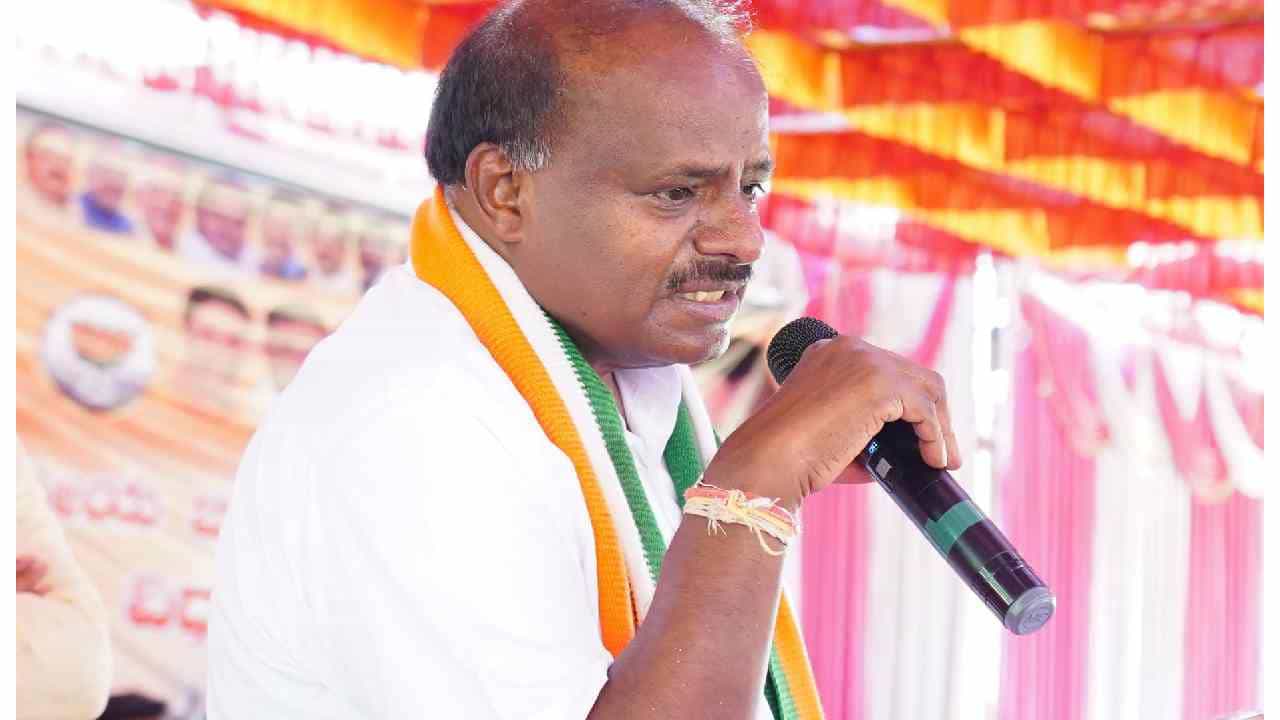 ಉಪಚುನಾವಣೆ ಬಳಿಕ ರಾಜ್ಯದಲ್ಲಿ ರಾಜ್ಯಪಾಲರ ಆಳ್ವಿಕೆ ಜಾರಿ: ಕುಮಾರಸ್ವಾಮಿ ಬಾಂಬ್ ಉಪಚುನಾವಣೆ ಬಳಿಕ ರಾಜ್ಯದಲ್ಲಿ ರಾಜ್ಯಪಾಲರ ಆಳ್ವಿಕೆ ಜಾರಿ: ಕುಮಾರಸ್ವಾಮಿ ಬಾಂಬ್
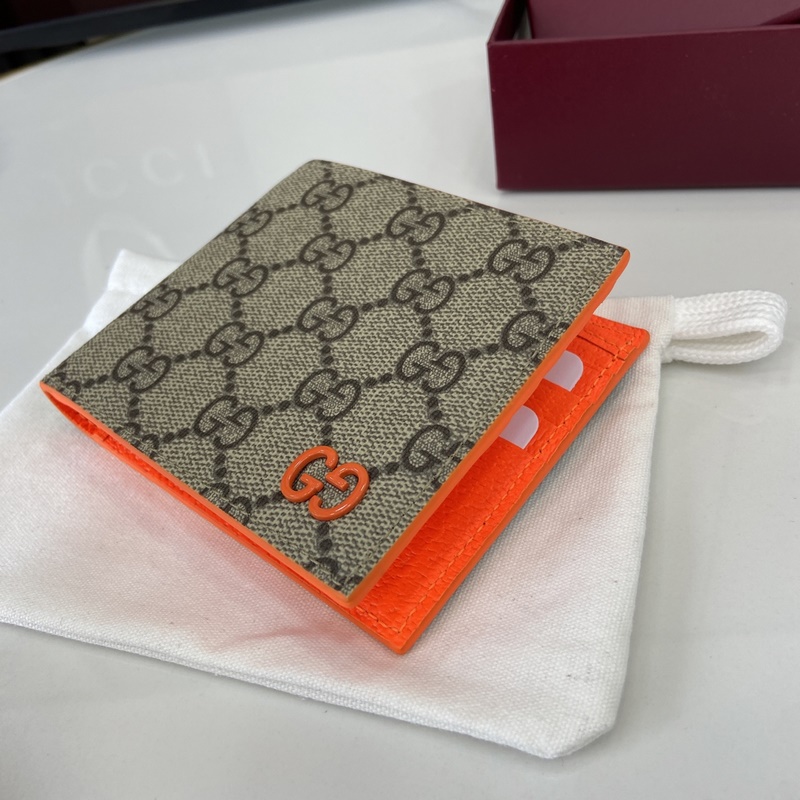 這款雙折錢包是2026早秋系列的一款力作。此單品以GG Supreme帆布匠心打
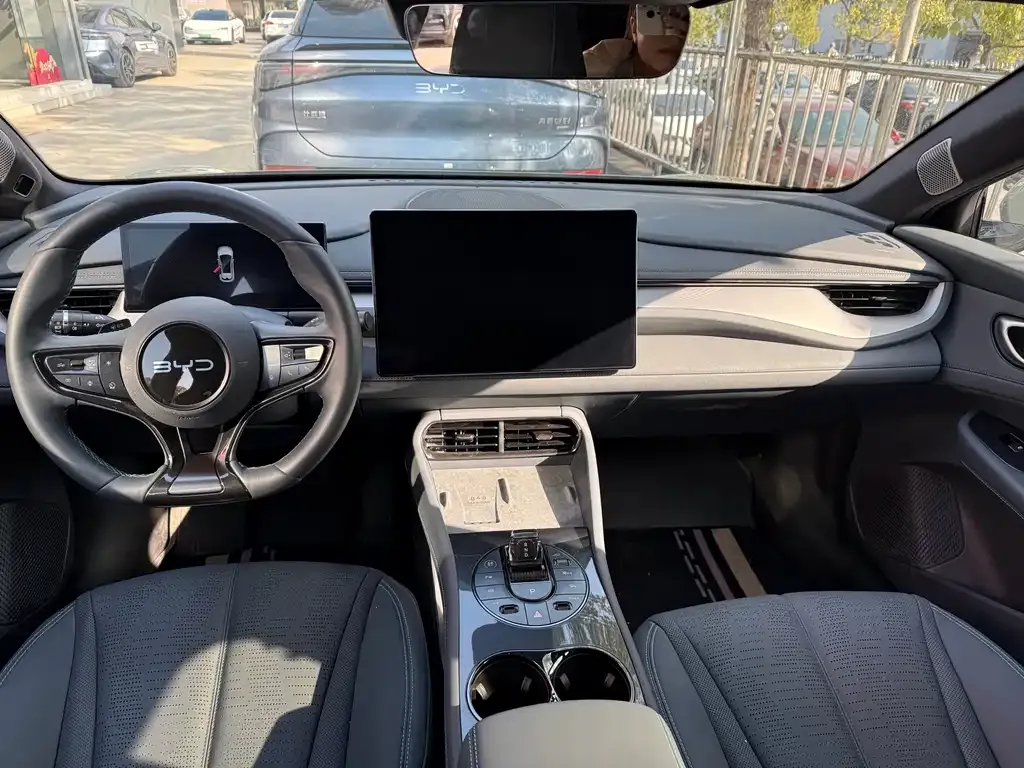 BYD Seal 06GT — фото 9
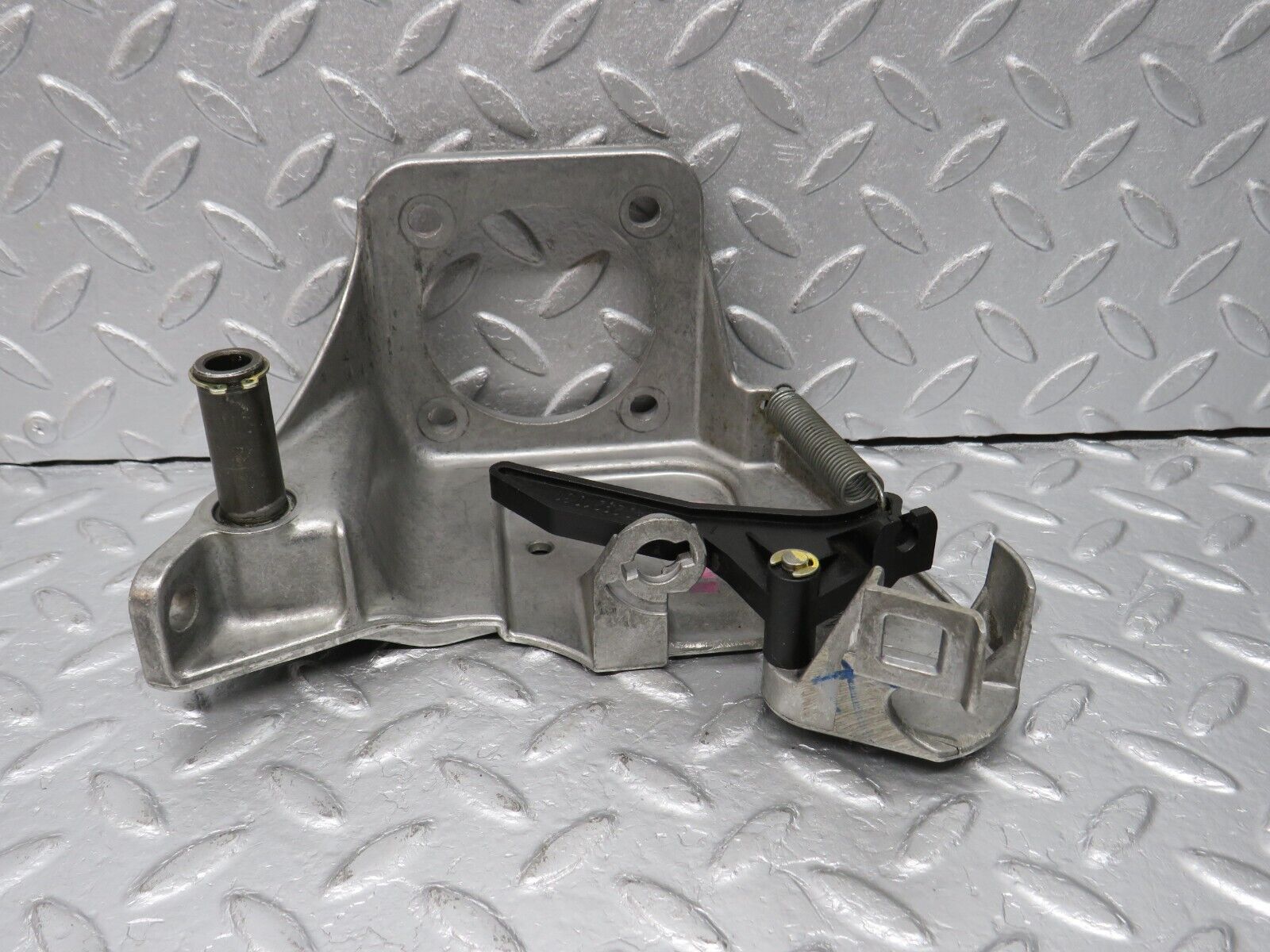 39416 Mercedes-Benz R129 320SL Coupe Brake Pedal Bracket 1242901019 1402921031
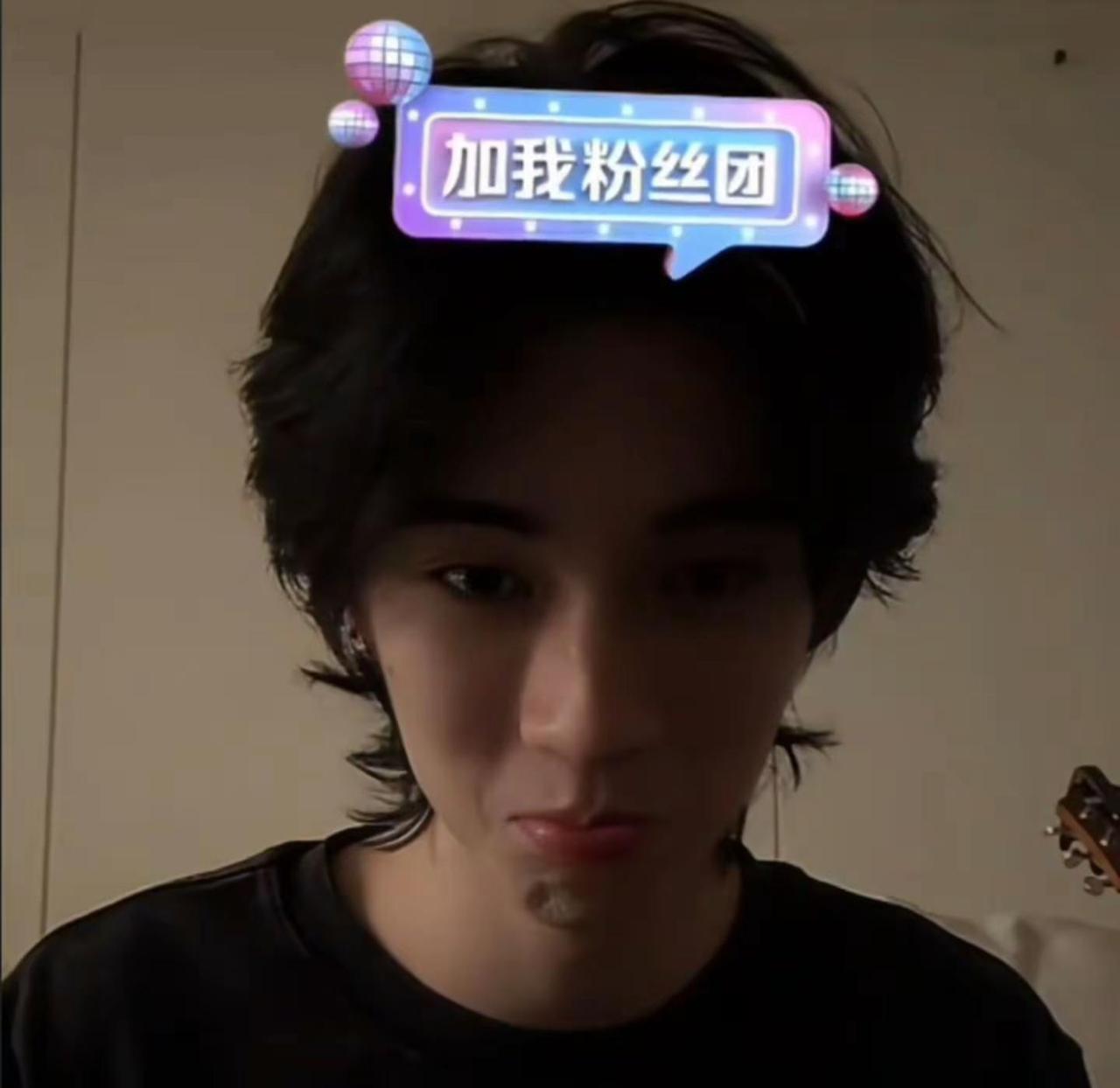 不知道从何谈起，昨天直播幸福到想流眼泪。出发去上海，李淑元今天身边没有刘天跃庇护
== == ==
Each line from the one containing "39416 Mercedes-Benz R129" through the last line of the listing must be copied exactly, and the pictures must not be.

Output of the exercise:
 39416 Mercedes-Benz R129 320SL Coupe Brake Pedal Bracket 1242901019 1402921031
 不知道从何谈起，昨天直播幸福到想流眼泪。出发去上海，李淑元今天身边没有刘天跃庇护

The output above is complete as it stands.